Democrat Robert Francis “Beto” O’Rourke lost his bid for Governor of Texas against Republican Governor Greg Abbott in 2022. There is a political wall between the two Texans views on most issues, and of those issues is an actual wall — the controversial, incomplete wall between Mexico and the United States along the U.S. Southern border of Texas.
Until yesterday, President Joe Biden was on O’Rourke’s side of that political wall, separating himself from the policies of former President Donald Trump, who routinely makes chaos at the border and the construction of a border wall key components of his political campaigns.
1. Walls don’t work
— Beto O'Rourke (@BetoORourke) October 5, 2023
2. President Biden promised he wouldn’t build them
3. Now even harder for voters to distinguish between him & Trump on border/immigration
4. Wasted opportunity to use executive power to actually fix our asylum system instead of impotent political posturing https://t.co/AQkxokNd2a
On Wednesday, however, the Biden administration “waived 26 federal laws in South Texas to allow border wall construction on Wednesday, marking the administration’s first use of a sweeping executive power employed often during the Trump presidency.”
In jumping to the other side of the border wall debate in O’Rourke’s view, Biden now has made it “even harder for voters to distinguish between him & Trump on border/immigration.”
Nothing is stronger than a mother fighting to save her child.
— Beto O'Rourke (@BetoORourke) September 28, 2023
Not a wall, not razor wire, not the next cruel contraption that Abbott and Trump dream up.

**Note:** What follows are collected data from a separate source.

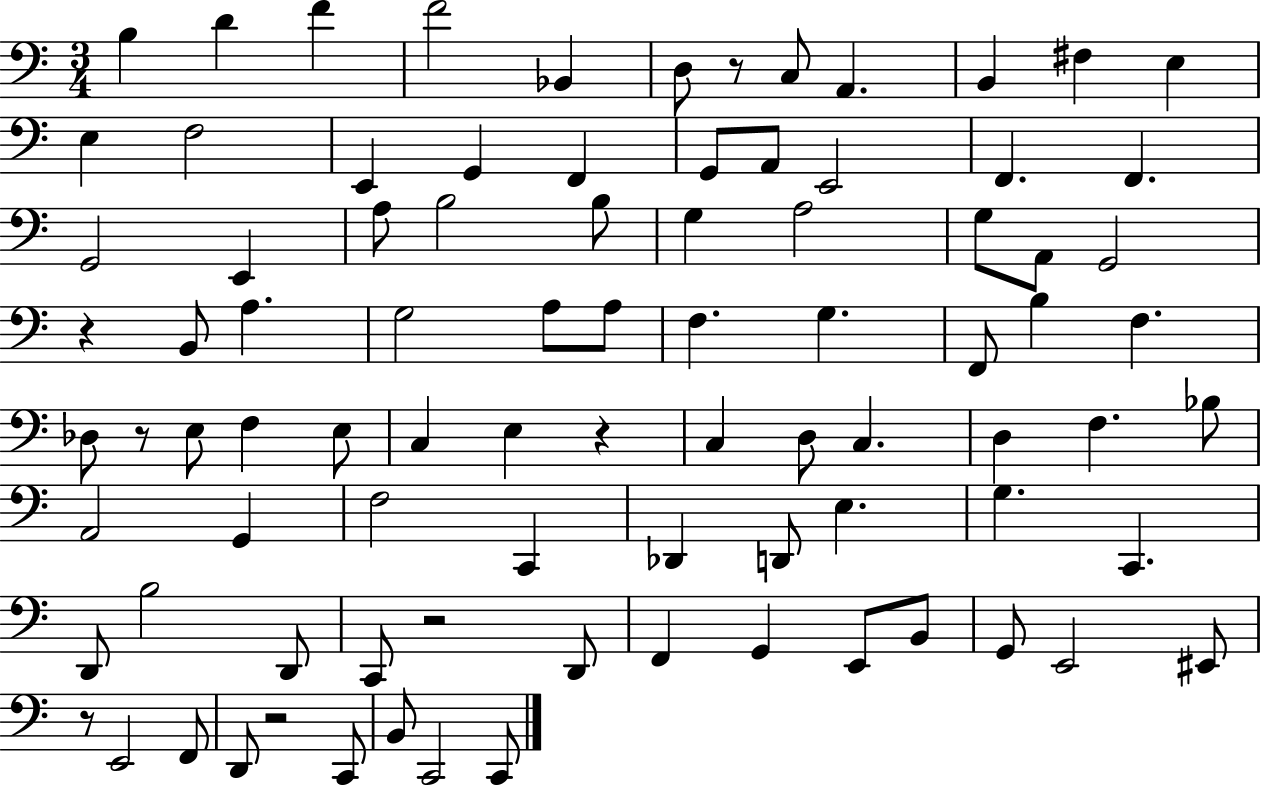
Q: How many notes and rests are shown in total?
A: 88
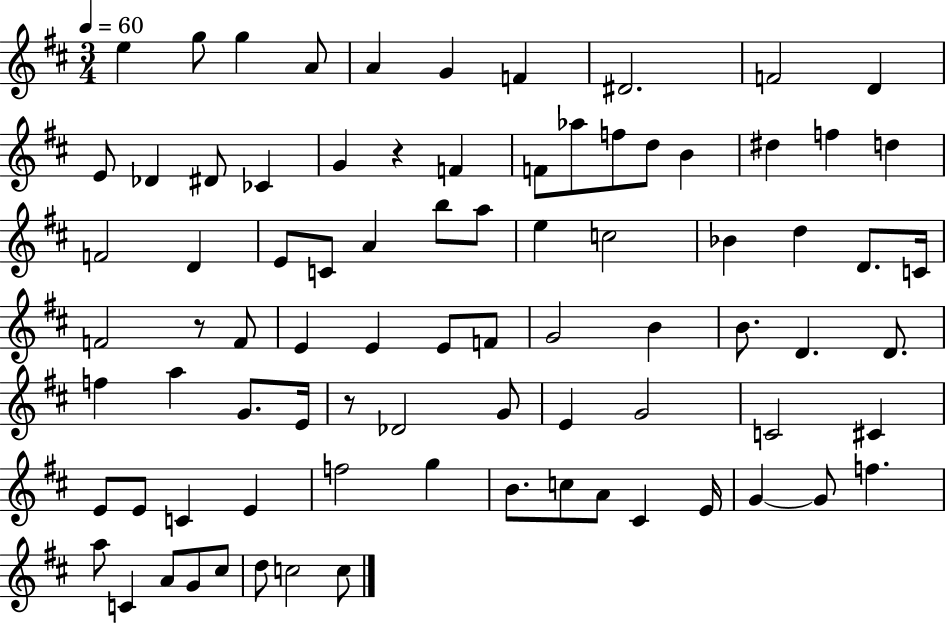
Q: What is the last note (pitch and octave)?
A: C5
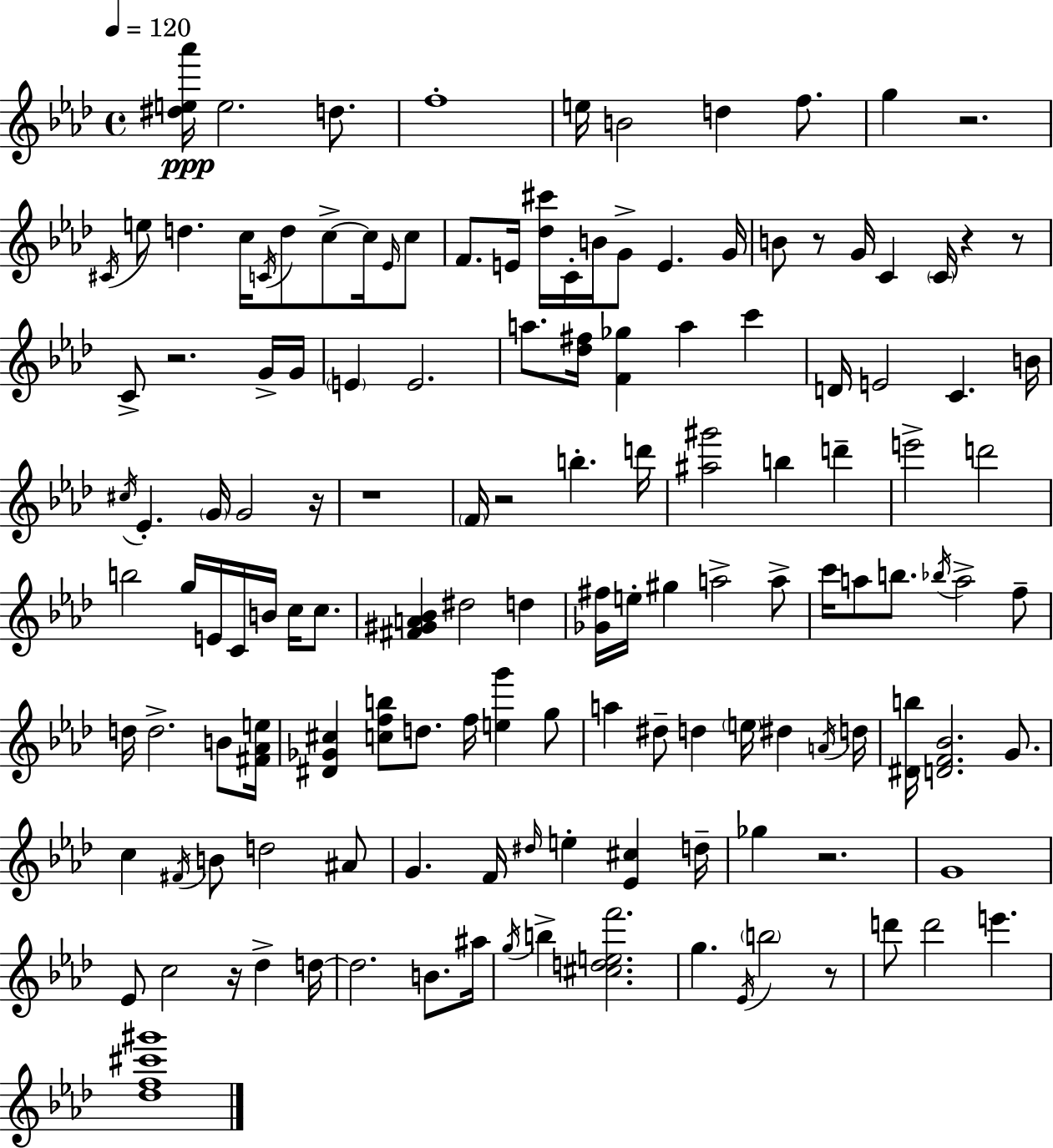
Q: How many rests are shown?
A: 11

President Biden, you’ve made progress but as long as this is happening in our country there is much more for you to do. pic.twitter.com/wfPARgswXi
O’Rourke says Biden’s move is impractical — that “walls don’t work” — without fully acknowledging the political pressure Biden is under to take assertive action to quell mass migration at the border, which is probably, along with inflation, the President’s biggest vulnerability in his re-election bid. It’s pressure O’Rourke should be familiar with and sympathetic to — the perception of his own border waffling undermined his gubernatorial chances in 2022.
During O’Rourke’s run, Abbott campaign spokesperson Mark Miner said: “Beto continues to take different positions on issues depending on which part of the state he happens to be in.” O’Rourke served U.S. representative for Texas’s 16th congressional district from 2013 to 2019.